• **Exercise prompt**: For each line below that contains the word "estrad", make a copy.
++++ Exercise data
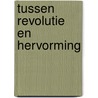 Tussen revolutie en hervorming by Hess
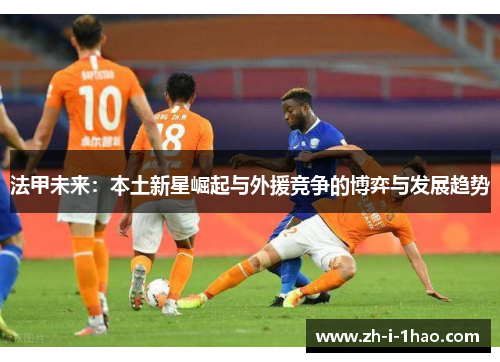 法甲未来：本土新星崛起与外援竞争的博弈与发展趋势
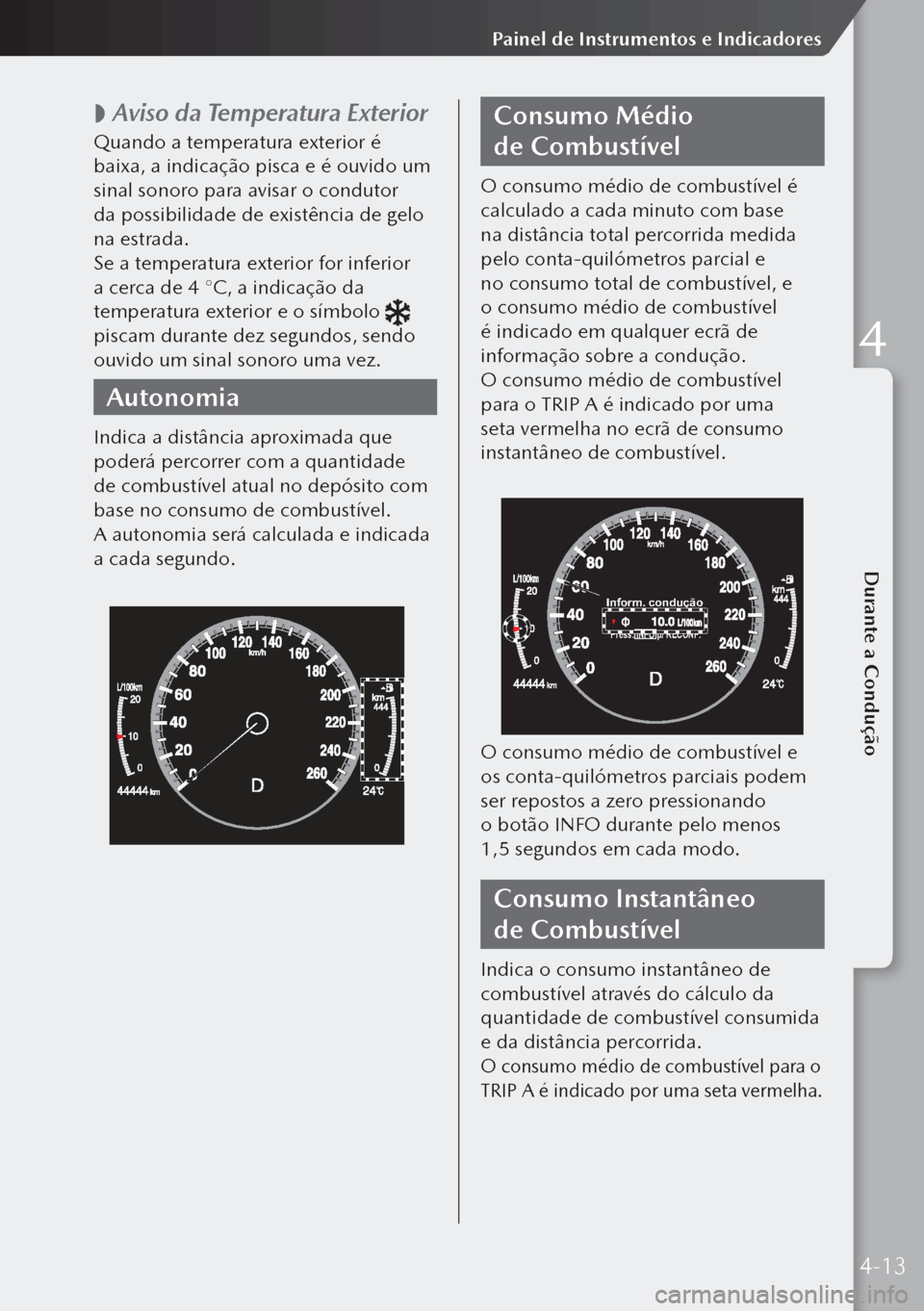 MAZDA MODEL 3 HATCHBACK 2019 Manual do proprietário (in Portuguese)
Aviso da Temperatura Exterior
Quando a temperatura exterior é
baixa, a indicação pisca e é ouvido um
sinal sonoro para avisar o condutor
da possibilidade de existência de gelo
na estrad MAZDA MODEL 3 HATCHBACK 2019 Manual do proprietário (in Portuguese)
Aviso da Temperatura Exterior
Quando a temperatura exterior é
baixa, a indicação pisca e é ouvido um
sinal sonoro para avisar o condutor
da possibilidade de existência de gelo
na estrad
++++++++
++++ Exercise data
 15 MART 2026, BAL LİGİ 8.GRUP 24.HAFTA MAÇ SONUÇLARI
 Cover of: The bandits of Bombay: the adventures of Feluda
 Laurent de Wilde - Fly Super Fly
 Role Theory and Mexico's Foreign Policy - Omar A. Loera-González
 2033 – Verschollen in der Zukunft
++++++++
• **Response to this task**:
na estrad MAZDA MODEL 3 HATCHBACK 2019 Manual do proprietário (in Portuguese)
na estrad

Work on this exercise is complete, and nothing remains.